*** Opening of Records supplied ***

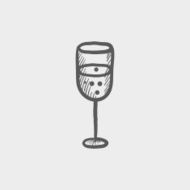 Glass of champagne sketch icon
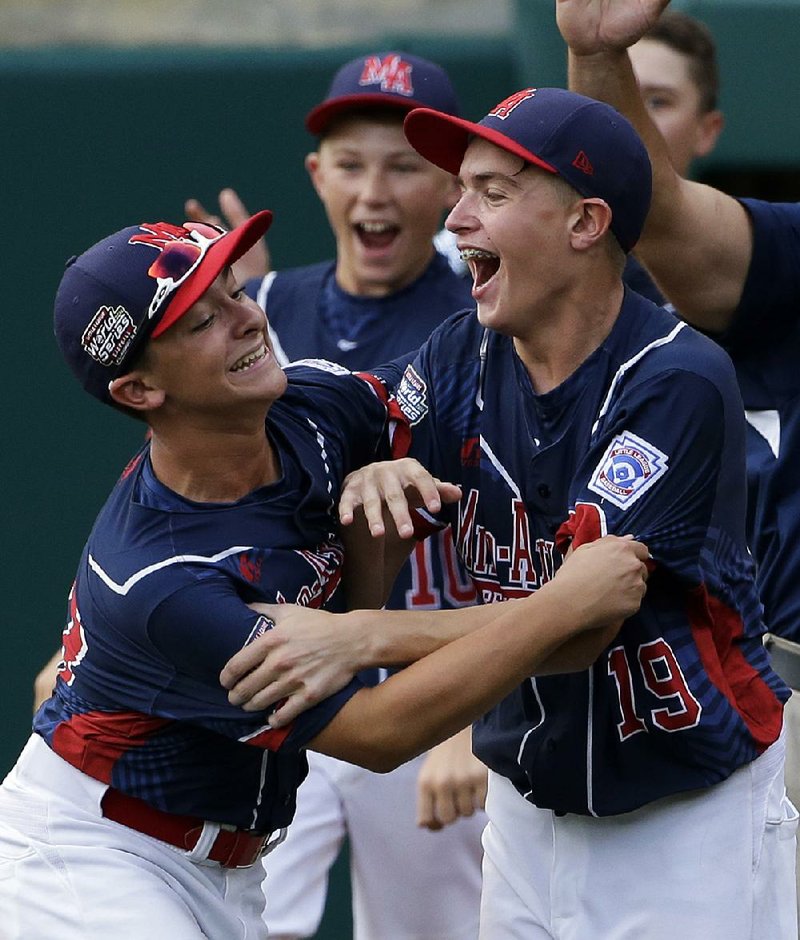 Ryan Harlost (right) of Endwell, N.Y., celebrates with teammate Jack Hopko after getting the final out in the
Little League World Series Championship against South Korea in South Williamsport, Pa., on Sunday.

*** Close of Records supplied ***
*** Opening of Records supplied ***

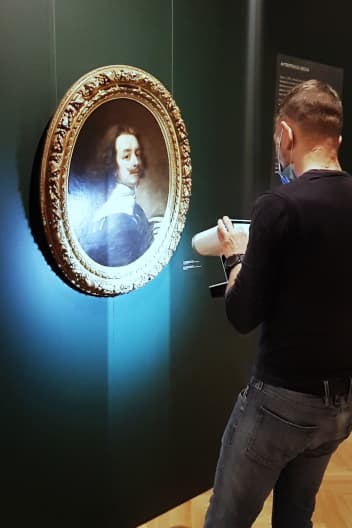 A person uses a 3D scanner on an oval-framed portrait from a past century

*** Close of Records supplied ***

Task to carry out:
Extract, without any images, the part of the material above that opens with the line containing "Glass of champagne sketch icon" and closes with the line containing "Little League World", both lines included.

Exercise response:
 Glass of champagne sketch icon
 Ryan Harlost (right) of Endwell, N.Y., celebrates with teammate Jack Hopko after getting the final out in the
Little League World Series Championship against South Korea in South Williamsport, Pa., on Sunday.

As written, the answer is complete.